Each year, a distinguished expert in a social-scientific research field related to climate and environment issues is invited to campus to give a public lecture and participate in other academic enterprises.
This year, Jo Guildi, Professor of Quantitative Methods at Emory University, will visit campus in Spring quarter. She will host a masterclass based on her new book, The Dangerous Art of Text Mining, for graduate students on Tuesday, April 30th from 9-12 (location TBD) and offer a lecture (title TBD) on Thursday, May 2nd at 5pm in the John Hope Franklin Room.
Annually, the initiative will sponsor research awards for PhD students to engage in environmental or ecological work outside Chicago. The awards are intended primarily (but not exclusively) for second-year students. These research awards will fuel the next generation of social-science research engaged with issues of the environment and climate change.
Call for Papers
For decades, global consensus has been growing regarding the need for a transition toward fossil-fuel free energy production. The demands to halt new leases, pipelines, and drilling projects are clear, as are the demands by activists and impacted communities to redirect financing, prioritize the investment in clean renewables, and mitigate environmental impact.
What can be said of the consensus about the labor and land use which has formed the basis of global capitalist modernity? How might an energy transition challenge or entrench the histories of extraction and exploitation that has given rise to American empire? How do we imagine equitable and sustainable futures in the era of climate crisis? What forms of energy will humans consume and where will resources be developed? Where will agricultural products be grown and how will the non-human be treated? What forms of territorial governance will be just? And who will control the land and the labor which works it?
We invite junior scholars and, especially, graduate students and PhD candidates working on North American History and critical geographies of empire, extraction, and the environment to gather new scholarship in dialogue for a symposium to be held at Swift Hall Commons at The University of Chicago Divinity School on April 5, 2024. It is with thanks to the generous support of the Shapiro Initiative on Environment and Society (SIES) that we will be able to provide accommodations and cover the costs of travel to and from The University of Chicagofor selected panelists and, thanks to the Karla Scherer Center for the Study of American Culture, our keynote speaker (to be announced).
To submit a proposal please send a 500-word abstract and CV to symposium organizers by December 8, 2023. We particularly welcome papers that will do one or more of the following:
- Forge critical openings for understanding the past and present of extraction and land use, mass animal life and death, factory farms, or labor regimes.
- Connect energy production and securitization to transnational contexts, especially those impacting migration, human rights, and the border.
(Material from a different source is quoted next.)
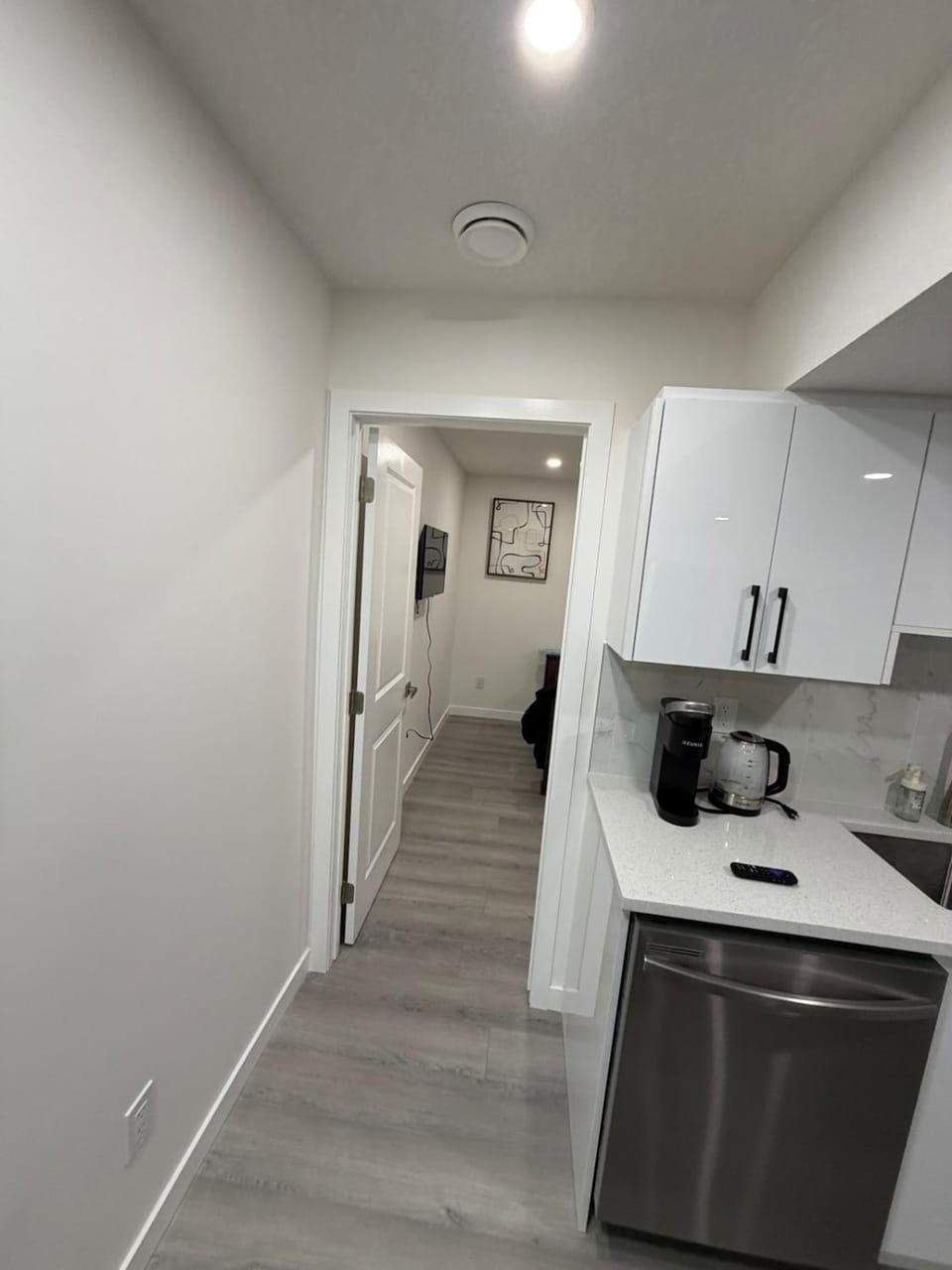 Brand New 1 Bedroom Basement Suite in Southwest Apartment in Edmonton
- Address environmental justice, racial capitalism, settler colonialism, and/or the rights of Indigenous peoples and sovereignty of Indigenous nations.
- Center themes at the intersection of the environment, resource control, law and governance, urban hyper-policing, and geographies of resistance.
- Reflect on sources, methodologies, and analytical frameworks which yield vital approaches to environmental emergency and its consequences.